Task directions
Count every line of these entries that holds the word "House", and reply with the number only.

..............................

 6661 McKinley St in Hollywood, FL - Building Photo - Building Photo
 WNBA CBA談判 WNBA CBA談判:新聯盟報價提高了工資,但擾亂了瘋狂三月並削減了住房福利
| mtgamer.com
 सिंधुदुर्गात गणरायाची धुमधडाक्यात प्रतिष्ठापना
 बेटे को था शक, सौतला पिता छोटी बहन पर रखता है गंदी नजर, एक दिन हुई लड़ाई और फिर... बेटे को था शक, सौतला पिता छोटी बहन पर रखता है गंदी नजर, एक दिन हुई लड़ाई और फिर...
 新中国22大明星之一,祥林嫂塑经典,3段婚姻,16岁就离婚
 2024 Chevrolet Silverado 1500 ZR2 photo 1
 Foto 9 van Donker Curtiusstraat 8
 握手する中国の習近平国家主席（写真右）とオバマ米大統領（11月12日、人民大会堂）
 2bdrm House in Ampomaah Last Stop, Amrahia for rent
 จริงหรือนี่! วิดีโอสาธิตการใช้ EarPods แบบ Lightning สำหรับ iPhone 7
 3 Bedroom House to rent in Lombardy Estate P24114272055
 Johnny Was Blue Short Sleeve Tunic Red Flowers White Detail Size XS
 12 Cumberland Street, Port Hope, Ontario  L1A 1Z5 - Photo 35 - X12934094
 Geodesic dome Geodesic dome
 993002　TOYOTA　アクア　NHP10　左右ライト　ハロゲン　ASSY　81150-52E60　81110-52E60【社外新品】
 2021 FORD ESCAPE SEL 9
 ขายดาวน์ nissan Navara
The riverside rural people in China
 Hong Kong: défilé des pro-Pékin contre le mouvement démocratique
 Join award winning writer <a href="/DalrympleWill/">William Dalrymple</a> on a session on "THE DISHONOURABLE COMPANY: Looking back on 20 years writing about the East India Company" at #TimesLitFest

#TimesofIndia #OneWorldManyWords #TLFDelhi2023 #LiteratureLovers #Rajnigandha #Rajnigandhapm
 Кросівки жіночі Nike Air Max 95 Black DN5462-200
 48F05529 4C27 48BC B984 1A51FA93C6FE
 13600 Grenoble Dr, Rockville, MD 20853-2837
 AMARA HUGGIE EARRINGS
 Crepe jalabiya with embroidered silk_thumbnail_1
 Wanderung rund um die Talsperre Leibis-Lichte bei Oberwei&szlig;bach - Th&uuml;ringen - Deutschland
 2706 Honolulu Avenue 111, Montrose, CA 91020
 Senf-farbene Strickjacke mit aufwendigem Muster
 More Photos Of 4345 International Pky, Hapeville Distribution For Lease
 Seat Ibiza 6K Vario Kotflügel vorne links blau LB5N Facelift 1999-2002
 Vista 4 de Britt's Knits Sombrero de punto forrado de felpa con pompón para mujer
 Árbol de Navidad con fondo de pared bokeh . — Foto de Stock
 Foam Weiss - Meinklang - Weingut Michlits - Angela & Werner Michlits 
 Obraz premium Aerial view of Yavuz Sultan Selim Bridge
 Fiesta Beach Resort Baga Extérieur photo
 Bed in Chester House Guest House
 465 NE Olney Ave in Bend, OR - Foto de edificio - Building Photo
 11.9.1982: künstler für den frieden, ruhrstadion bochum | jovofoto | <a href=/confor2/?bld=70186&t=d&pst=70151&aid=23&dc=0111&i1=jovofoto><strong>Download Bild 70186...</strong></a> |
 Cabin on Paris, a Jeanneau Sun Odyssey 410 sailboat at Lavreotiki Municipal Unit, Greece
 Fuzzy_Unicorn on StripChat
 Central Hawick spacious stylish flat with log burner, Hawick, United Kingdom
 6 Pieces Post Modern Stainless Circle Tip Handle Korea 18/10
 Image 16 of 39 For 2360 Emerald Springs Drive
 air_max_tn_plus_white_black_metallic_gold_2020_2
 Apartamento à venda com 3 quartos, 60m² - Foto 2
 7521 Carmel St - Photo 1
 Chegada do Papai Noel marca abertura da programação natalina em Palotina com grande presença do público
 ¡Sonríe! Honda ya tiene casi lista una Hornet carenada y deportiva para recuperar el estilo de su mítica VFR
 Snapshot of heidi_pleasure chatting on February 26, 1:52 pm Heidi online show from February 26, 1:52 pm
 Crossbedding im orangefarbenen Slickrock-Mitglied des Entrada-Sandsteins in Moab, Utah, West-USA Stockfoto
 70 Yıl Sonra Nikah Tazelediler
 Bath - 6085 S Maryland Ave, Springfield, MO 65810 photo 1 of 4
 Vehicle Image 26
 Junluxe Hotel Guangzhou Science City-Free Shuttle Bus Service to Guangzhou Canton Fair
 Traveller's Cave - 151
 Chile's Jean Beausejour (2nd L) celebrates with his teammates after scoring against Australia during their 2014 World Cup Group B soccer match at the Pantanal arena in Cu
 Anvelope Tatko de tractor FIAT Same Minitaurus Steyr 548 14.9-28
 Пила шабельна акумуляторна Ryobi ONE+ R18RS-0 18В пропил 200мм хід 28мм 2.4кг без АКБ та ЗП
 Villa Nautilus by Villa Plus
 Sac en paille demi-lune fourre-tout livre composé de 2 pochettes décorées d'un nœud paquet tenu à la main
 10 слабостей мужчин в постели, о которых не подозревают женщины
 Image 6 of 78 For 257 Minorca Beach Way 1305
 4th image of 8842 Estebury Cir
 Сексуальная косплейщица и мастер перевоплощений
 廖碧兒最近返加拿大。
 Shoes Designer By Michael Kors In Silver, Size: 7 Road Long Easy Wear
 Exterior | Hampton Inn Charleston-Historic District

..............................

Exercise response
3